How Women Can Get the Pay Raises Men Do

Business people writing notes on whiteboard
Business people writing notes on whiteboard
Photograph by Hero Images via Getty Images

The Leadership Insiders network is an online community where the most thoughtful and influential people in business contribute answers to timely questions about careers and leadership. Today’s answer to the question, “How do you ask for a raise?” is written by Cat Lincoln, CEO and founder of Clever.

Research shows that men are more likely to be successful in talking themselves into a higher salary than women are. The reluctance of female employees to advocate for themselves is often the difference between climbing the career ladder at a healthy pace and not climbing it at all.

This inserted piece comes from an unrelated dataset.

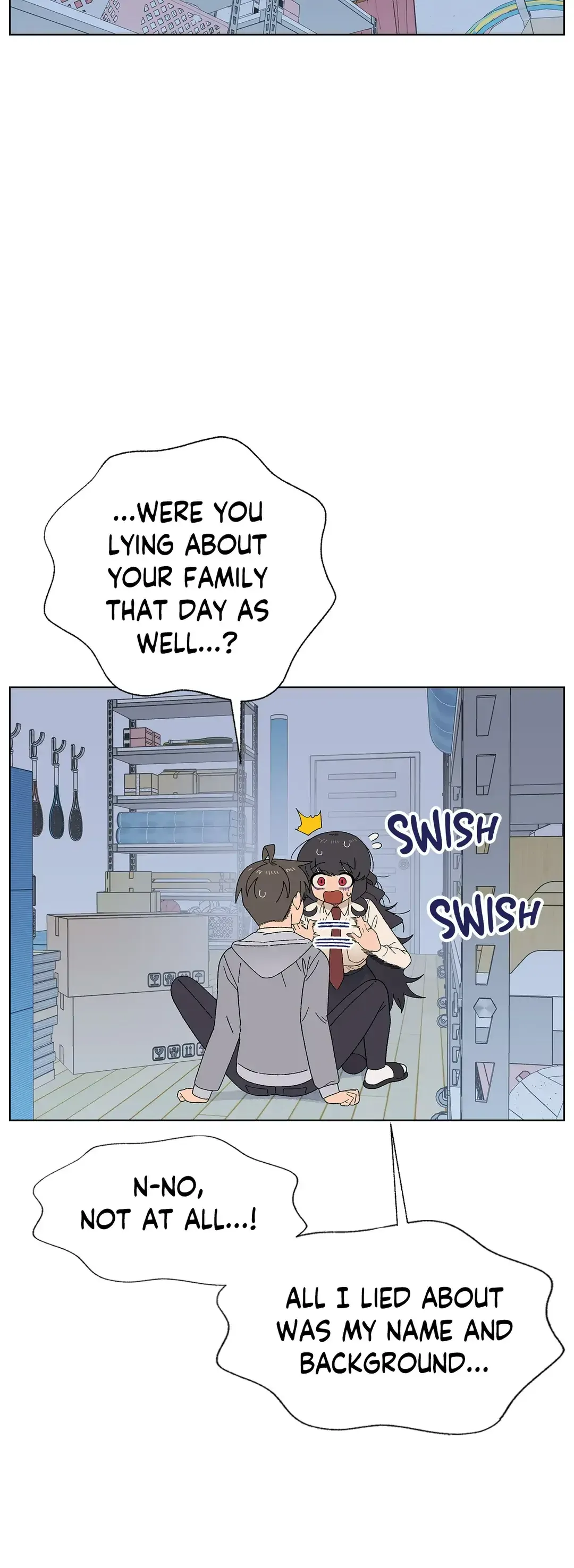 You’re Under My Skin! Chapter 70 page 19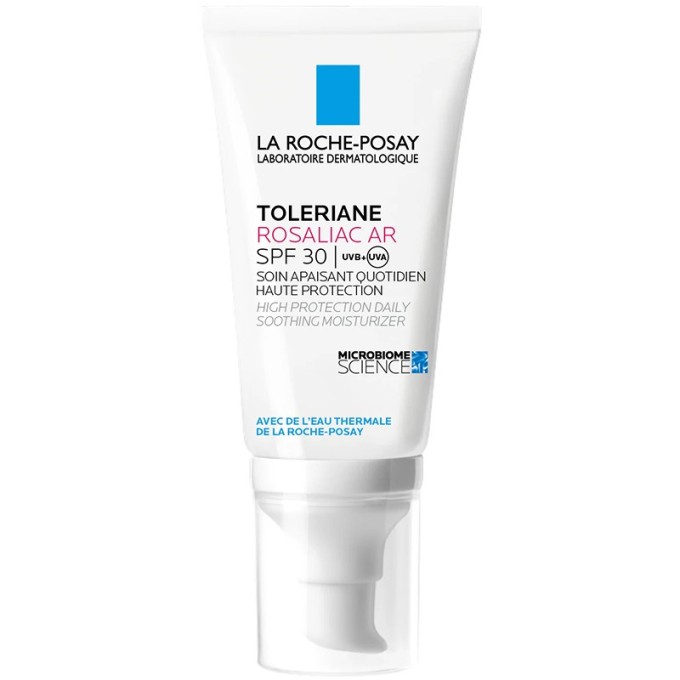La Roche-Posay Toleriane Rosaliac AR Soothing Moisturiser SPF30 50 ml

I can tell you that in my years of hiring hundreds of employees, 100% of the men I’ve hired have negotiated something—money, time off, and in the case of an unpaid intern, access to food. Yes, even the unpaid intern negotiated his “salary.”

By failing to negotiate salary, promotions, and other advancement opportunities that men commonly and aggressively pursue, we’re not putting our mouths where the money is.

Here’s how women should approach negotiating:

Don’t be afraid to rock the boat
Women are often perceived as greedy and demanding when trying to negotiate—an attribute rarely ascribed to men. Talking about money is emotional. Add in the general shame around talking about money at all, and there’s a pervasive sense of guilt, whether you make the ask or don’t. But what you must realize is that negotiating about compensation is not only appropriate, but expected. Remove the guilt and find data to justify what you’re asking for.

See also: Don’t Ever Just Wait For a Raise

Do your homework
Level the “information battleground” and check out Salary.com and Payscale.com to see how people with similar skills, education, and experience fare up, both nationwide and in your city. Women are taught to communicate in non-confrontational ways (not that asking for a raise is confrontational, but it can feel like it), and rarely encouraged to consider their contributions in terms of financial value.

Role-play with a trusted colleague
There’s a myth that women aren’t supportive of other women, but I’ve found the opposite is the case. I was fortunate enough to have three powerful mentors at different stages of my career who put their political capital on the line time and again for my colleagues and me. The good news is that we have an opportunity to engage in self-perpetuating activity: the more women in powerful, high-paying roles, the more women we’ll see in powerful, high-paying roles.

 

Make it factual, not emotional
At my company, we teach all employees to have the conversation with their supervisors by framing the ask in terms of the value she brings to the organization, reinforcing the concept that her contributions are valuable. We teach her to detail specific milestones that demonstrate that value and make it tangible for her supervisor. These conversations are scary and emotional, and very few of us have ever said the words, “I’d like to talk to you about my compensation” out loud. But when you work through the fear, you realize it’s just a factual conversation. It feels a little awkward, but this is for money. It’s worth feeling a little self-conscious to practice and get it right.

I am always acutely aware of how vulnerable and scary it can be to take a leap of faith and declare your value. However, I believe it is my responsibility as a leader to be supportive as my female employees take ownership of their achievements and ask for what they’re worth—and then to put my money where my mouth is. It’s my favorite part of my job.